### Requirement
From the records below, transcribe only the lines running from the one with "Lodge Moni Essara Kampot Exteriér fotografie" through the one with "VW GOLF III (1H1) 10-1989/07-1998". Keep both of those end lines.

----- Supplied data -----

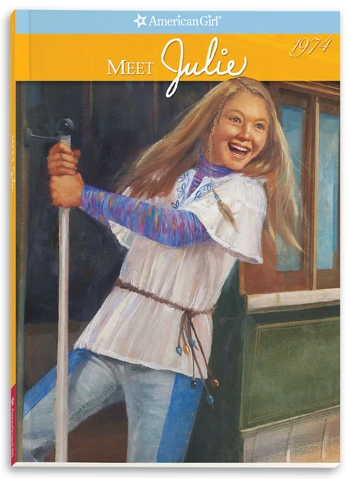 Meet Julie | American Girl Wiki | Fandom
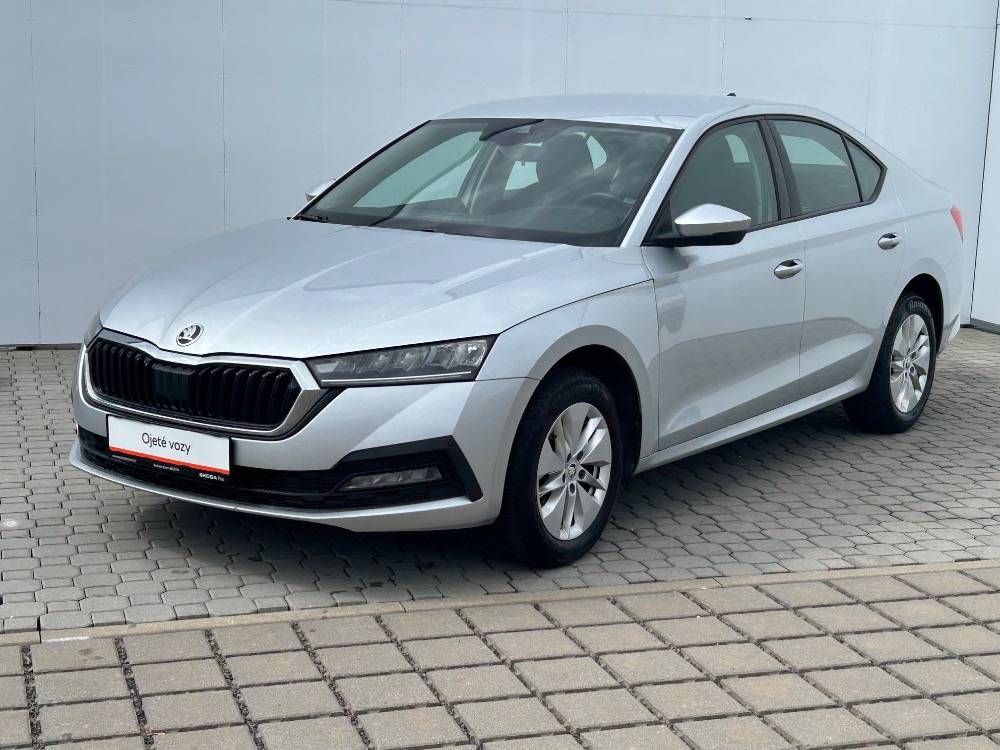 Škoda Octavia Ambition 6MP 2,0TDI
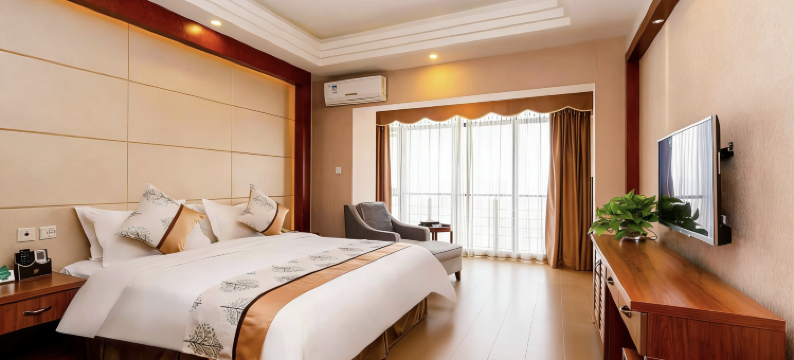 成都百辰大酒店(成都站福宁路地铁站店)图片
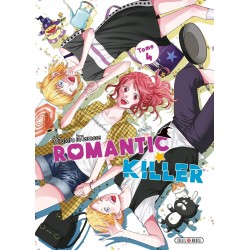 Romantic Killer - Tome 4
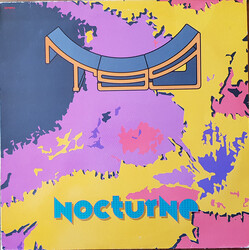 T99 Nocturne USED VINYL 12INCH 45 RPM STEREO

-----
----- Supplied data -----

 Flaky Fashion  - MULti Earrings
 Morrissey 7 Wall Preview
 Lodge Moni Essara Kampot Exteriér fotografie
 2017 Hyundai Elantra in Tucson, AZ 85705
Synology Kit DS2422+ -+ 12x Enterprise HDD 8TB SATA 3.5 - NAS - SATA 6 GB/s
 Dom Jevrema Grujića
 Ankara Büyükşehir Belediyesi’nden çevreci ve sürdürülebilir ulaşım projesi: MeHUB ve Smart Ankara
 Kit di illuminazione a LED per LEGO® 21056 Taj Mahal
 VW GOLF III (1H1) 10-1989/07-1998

-----
----- Supplied data -----

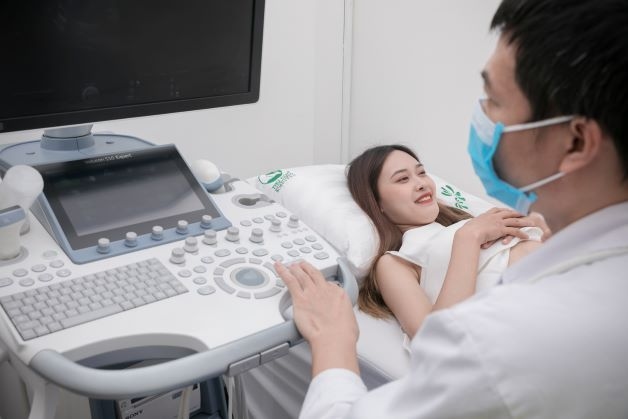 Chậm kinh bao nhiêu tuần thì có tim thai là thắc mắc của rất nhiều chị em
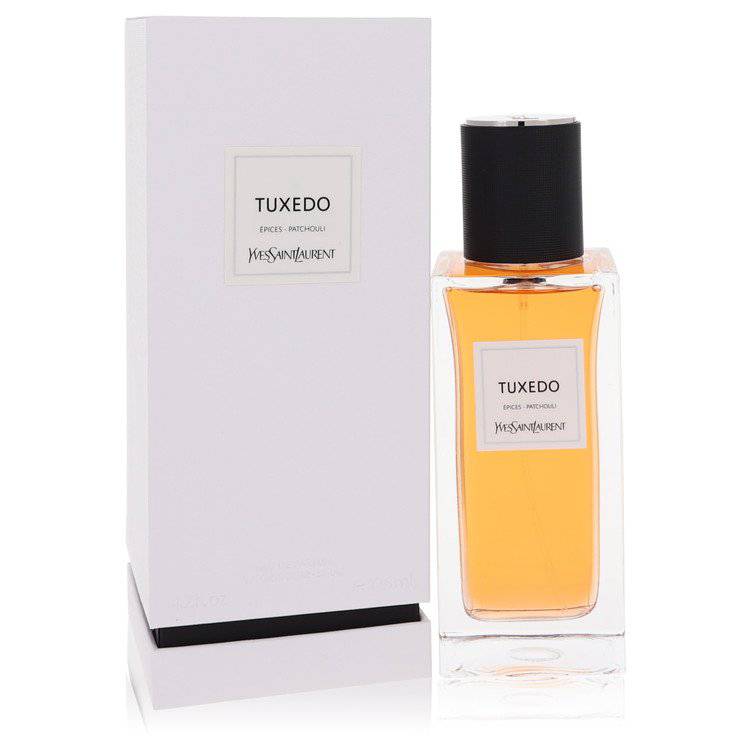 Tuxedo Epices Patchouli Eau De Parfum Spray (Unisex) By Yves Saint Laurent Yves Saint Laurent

-----

### The completed task
 Lodge Moni Essara Kampot Exteriér fotografie
 2017 Hyundai Elantra in Tucson, AZ 85705
Synology Kit DS2422+ -+ 12x Enterprise HDD 8TB SATA 3.5 - NAS - SATA 6 GB/s
 Dom Jevrema Grujića
 Ankara Büyükşehir Belediyesi’nden çevreci ve sürdürülebilir ulaşım projesi: MeHUB ve Smart Ankara
 Kit di illuminazione a LED per LEGO® 21056 Taj Mahal
 VW GOLF III (1H1) 10-1989/07-1998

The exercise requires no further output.